The man-made greenhouse gases warming the planet hit another record this month as the amount of carbon dioxide in the atmosphere hit 415 ppm levels. An explainer
As long as humans burn fossil fuels, we add more carbon dioxide to the atmosphere. And the way we measure this is by what is called the Keeling Curve. Now the Keeling Curve has been zig zagging every year, month and day but in 2013 it crossed its threshold of 400 ppm for the first time in 800,000 years. It means that the recorded carbon-dioxide levels rose above 400 parts per million in the air.

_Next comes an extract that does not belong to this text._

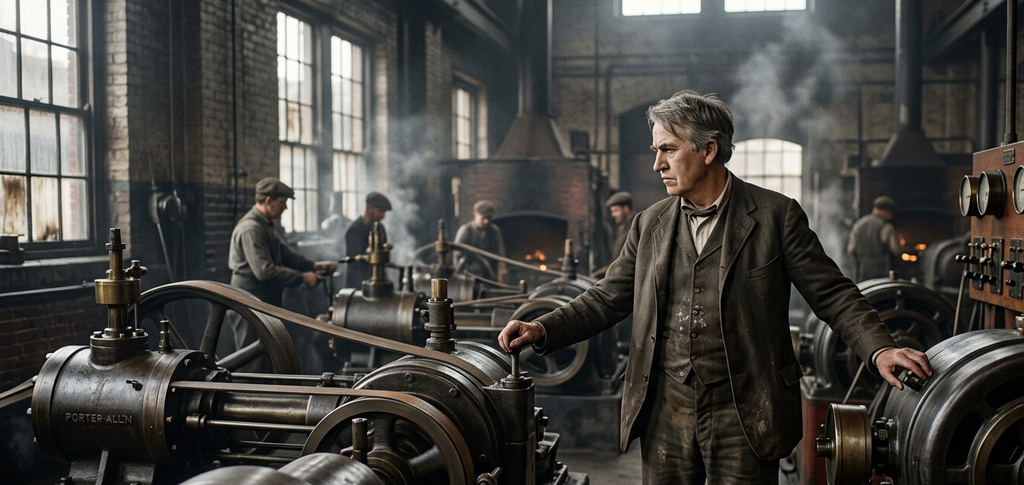 Thomas Edison watches massive steam engines and dynamos inside a nineteenth-century power station.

But now recently the figure has zoomed ahead to 410 ppm and is currently 415 ppm. Some studies estimate that these carbon-dioxide levels are at their highest point in 4.5 million years. During the Pliocene era, scientists have found, carbon-dioxide levels appeared to be around 415 ppm (which is today). This rise was likely caused by wobbles in the Earth’s orbit — and humans weren’t around then. The climate of the Pliocene was much warmer and wetter than it is today. Global average temperatures were 3°C or 4°C hotter and sea levels were between 5 and 40 meters higher.
So why is this important?
Well for starters, we have to look 4.5 million years into the past to even find an analogue to the present day scenario, which to be frank is fairly unknown. But it’s the best guide we have to an unprecedented situation. Other features of the Pliocene era: more frequent and intense El Niño events in the Pacific Ocean, intense flooding in the western United States, and severe coral reef extinctions as the oceans warmed. All of this is happening again if you connect the dots in the news. One of the reasons why the more passionate climate warriors insist that fighting climate change will not just stop at reducing emissions to zero, we need to extract/reduce carbon from the atmosphere and bury it deep down too.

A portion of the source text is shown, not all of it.